GOLAR MARITIME SERVICES, INC. and GOTAAS LARSEN, LTD., Respondents.
D E C I S I O N
CHICO-NAZARIO, J.:
This petition for review on certiorari under Rule 45 of the Rules of Court, as amended, seeks to annul and set aside the Resolutions dated 26 May 19991 and 16 November 19992 of the Court of Appeals in CA G.R. SP No. 52587, dismissing the original action for certiorari for having been filed beyond the reglementary period and denying the subsequent motion for reconsideration.
The pertinent facts of the case as culled from the records are as follows:
Sometime in 1996, on different dates, petitioner employees Reynaldo Dela Cruz and Elur Nono were hired and deployed by respondent Golar Maritime Services, Inc., a manning agency, on board the vessel LNGC "Golar Freeze," owned by respondent Gotaas Larsen, Ltd., pursuant to Philippine Overseas Employment Agency (POEA) approved shipboard contracts3 for a contract period of nine (9) months.
On 15 July 1996, before the expiration of petitioner employees’ respective contracts, they were repatriated back to the country on charges of disobedience and insubordination.
On 25 October 1996, petitioner employees filed a complaint4 alleging that they were illegally dismissed. By way of reliefs, they sought the payment of their salaries corresponding to the unexpired portion of their employment contract, reimbursement of repatriation expenses, damages and attorney’s fees against respondent Golar Maritime Services, Inc. and Gotaas Larsen, Ltd.

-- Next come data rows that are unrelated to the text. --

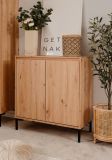 Kommode Bastia in Artisan Eiche Sideboard 81 x 87 cm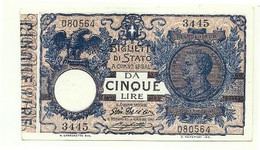 Italia - 5 Lire 1915      ---- - Italia – 5 Lire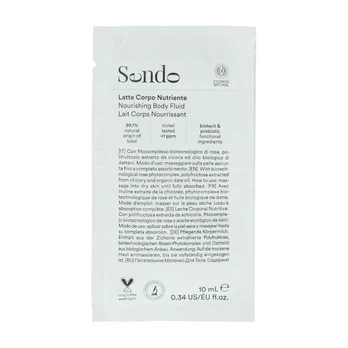 Sendo, Sendo, maitininantis, Kūno prausiklis, For Body & Hands, 10 ml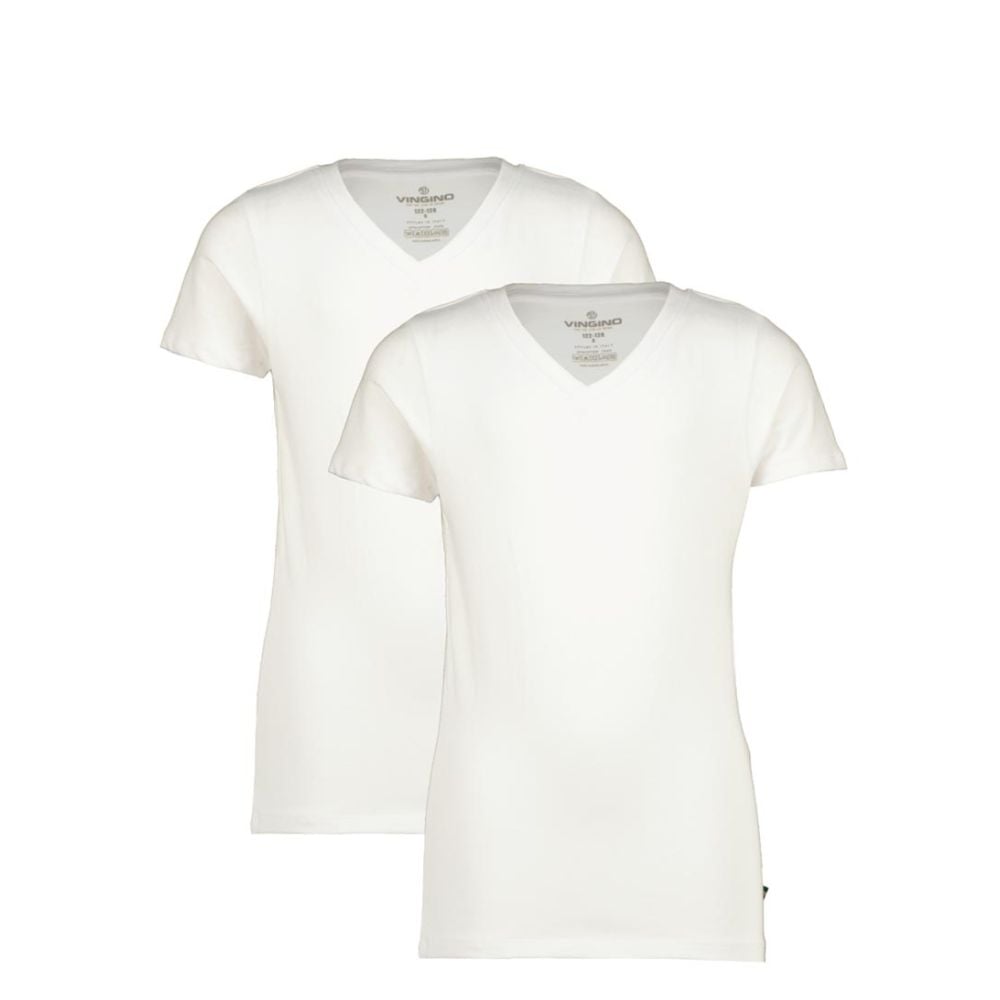 nooskbn72207-realwhite-1-49652 Vingino Boys T-Shirt V-Neck 2-Pack Real White Finale Aktion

On 16 December 1997, Labor Arbiter Potenciano S. Canizares, Jr. rendered a decision5 in favor of petitioner employees, the fallo of which states that:
WHEREFORE, the respondents are hereby ordered to pay US$3,127.50 or Php82,253.25 to Reynaldo D. Dela Cruz for the unexpired portion of 3 months and 15 days of his contract of employment; US$5,699.00 or PhP149,883.70 to Elur S. Nono, corresponding to his salaries for the unexpired portion of 8 months and 6 days of his employment contract; US$440.00 or PhP11,572.00 as the full cost of Dela Cruz’s repatriation expenses; and US$256.00 or PhP6,732.80 corresponding to Nono’s repatriation expenses.
The respondents are further ordered to pay the complainants 10% of the monetary awards as attorney’s fees.
Other claims are hereby dismissed for lack of sufficient evidence.
SO ORDERED.
From the adverse decision of the Labor Arbiter, respondent companies appealed to the National Labor Relations Commission (NLRC).6
Petitioner employees filed a Manifestation and Motion (to dismiss the appeal filed) before the NLRC, contending that respondent companies failed to file the required adequate or sufficient appeal bond. By reason of which, they have lost their right to appeal the decision rendered by the Labor Arbiter in favor of petitioner employees and said decision has become final and executory.
In its Decision7 of 05 June 1998, received by petitioner employees on 18 August 1998, the NLRC vacated the aforequoted ruling of the Labor Arbiter and dismissed the instant complaint for lack of merit, viz:
WHEREFORE, the decision appealed from is hereby SET ASIDE. The complaint for illegal dismissal including respondents’ counterclaim is (sic) dismissed for lack of merit.
SO ORDERED.
On 28 August 1998, reconsideration was sought by petitioner employees.
On 09 October 1998, petitioner employees received a copy of the NLRC Resolution8 dated 14 September 1998 denying their motion for reconsideration.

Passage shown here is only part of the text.